Helena Ferreira *

O que é investigação em matemática?


Quatrocentos anos após a primeira semente de cartesianismo, a ciência continua na sua senda de matematização. Os aspectos teóricos das ciências da natureza assentam em bases matemáticas. A Economia, a Sociologia e a Psicologia fundamentam muitas das suas conclusões em interpretações de estatísticas. Os programas de computador têm raízes matemáticas e estes são indispensáveis em qualquer área, da Língua à Música, sem esquecer o Desporto. Podemos, enfim, matematizar qualquer área da sociedade através do tratamento de testes ou inquéritos. A capacidade da Matemática para lidar com a quantidade, o espaço, os padrões e as estruturas dotou-a de pontes com todos os ramos da ciência.
A Matemática Pura preocupa-se com a invenção de ideias matemáticas e a construção de teorias abstractas para as quais não há a preocupação de aplicações ou ligação ao mundo dito real.
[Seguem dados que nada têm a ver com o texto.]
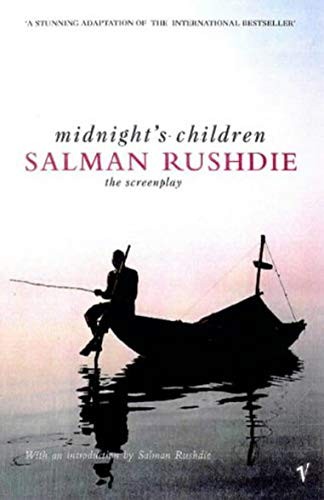 The screenplay of Midnight's children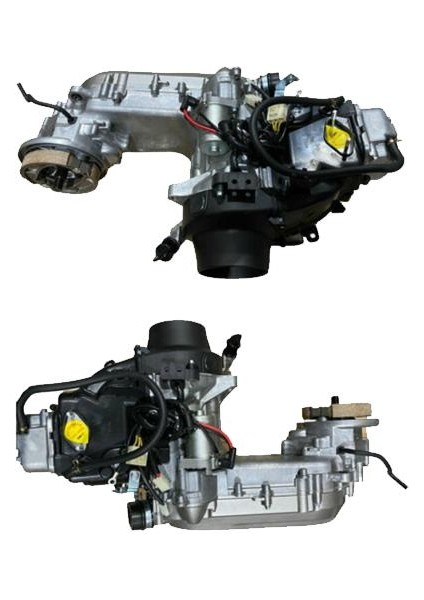 Alt Motor Komple Activa S 125 cc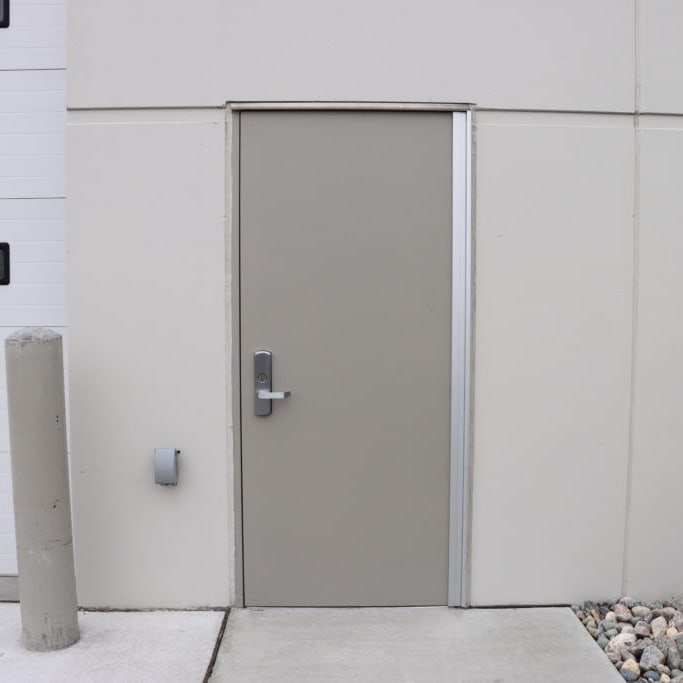 Hydro1 Pedestrian Door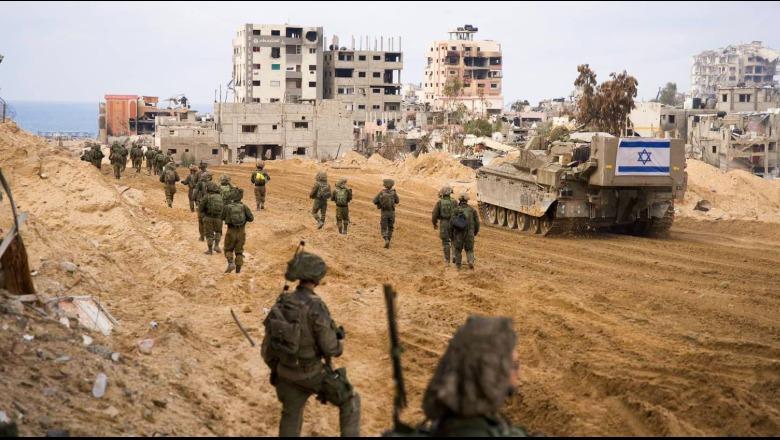 IDF nis sulme ajrore në Gaza pasi akuzoi Hamasin se ka shkelur armëpushimin 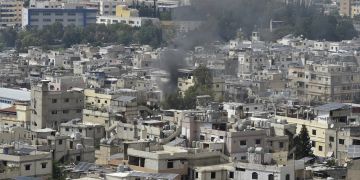 Ain al-Hilweh Flüchtlingslager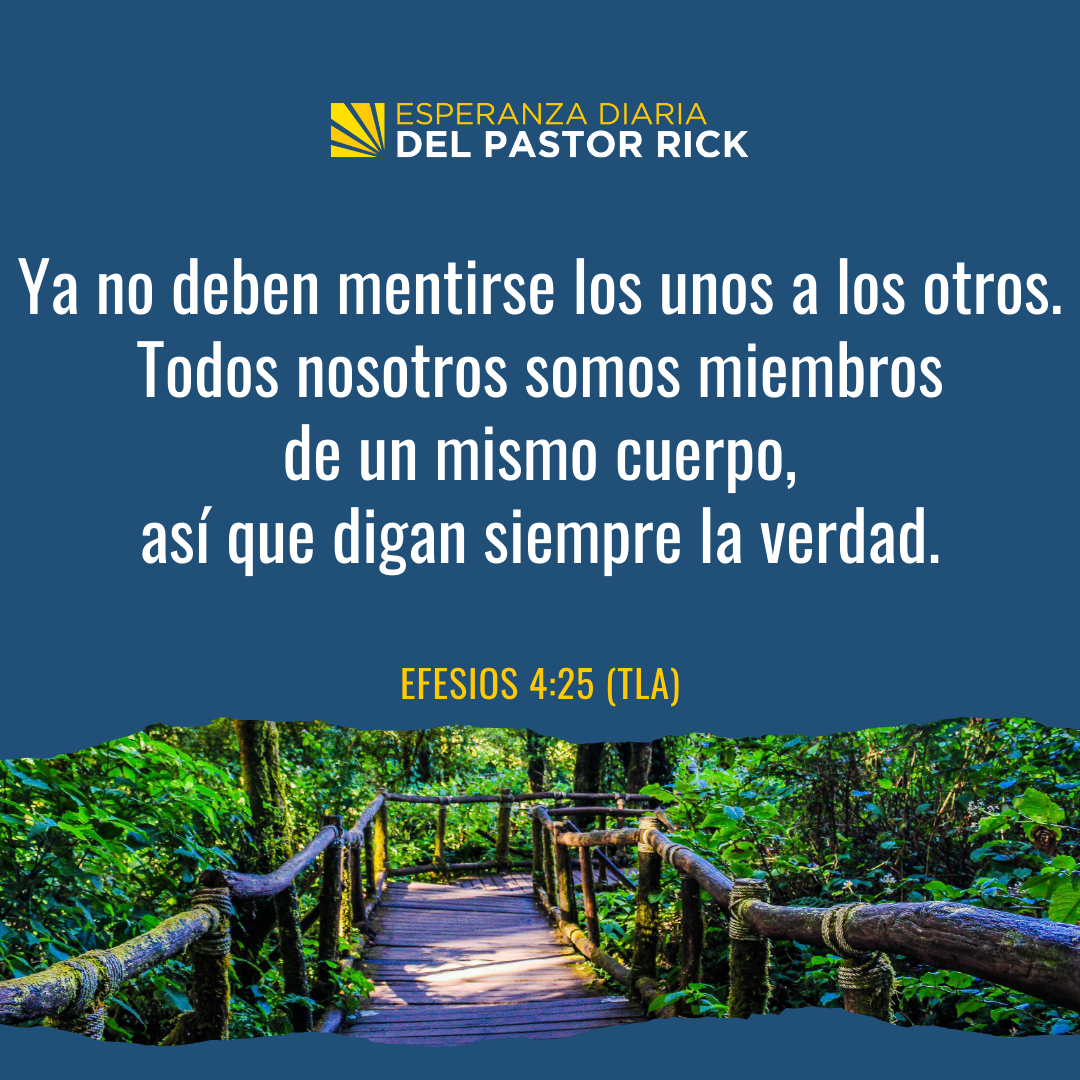 Cómo Obtienes el Sueño de Dios para tu Vida? - Pastor Rick's Daily Hope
Desgraçada, dirão alguns leitores… mesmo entre aqueles que se socorrem da eficiência não razoável da Matemática.
Das consequências exactas de um conjunto de axiomas constroem-se teorias matemáticas que, enquanto objectos lógicos, apresentam uma consistência e realidade própria que não dependem de potenciais aplicações noutras ciências.
As aplicações da Matemática, tão frequentemente solicitadas, recorrem a sofisticadas técnicas matemáticas e computacionais e visam a resolução expedita de problemas concretos emergentes nas mais variados campos da ciência. Poderão também ser o motor do desenvolvimento de novas teorias matemáticas dando origem a avanços na Matemática.
Os modelos para problemas reais e as estruturas matemáticas apresentam grande identidade pois apresentam o mesmo contexto representatório, no entanto as estruturas matemáticas são criadas através da exploração dum conjunto de possibilidades consistentes com os axiomas, esta é a natureza da Matemática, sendo no entanto os modelos um conjunto de formalismos que num dado momento histórico se mostram adequados para a descrição dum fenómeno. Uma estrutura matemática não cresce em realidade pelo facto de para ela surgir uma aplicação, sendo o papel da Matemática a criação de novas estruturas e seu completo desenvolvimento matemático, isto é, provar novos teoremas de impacto na própria Matemática.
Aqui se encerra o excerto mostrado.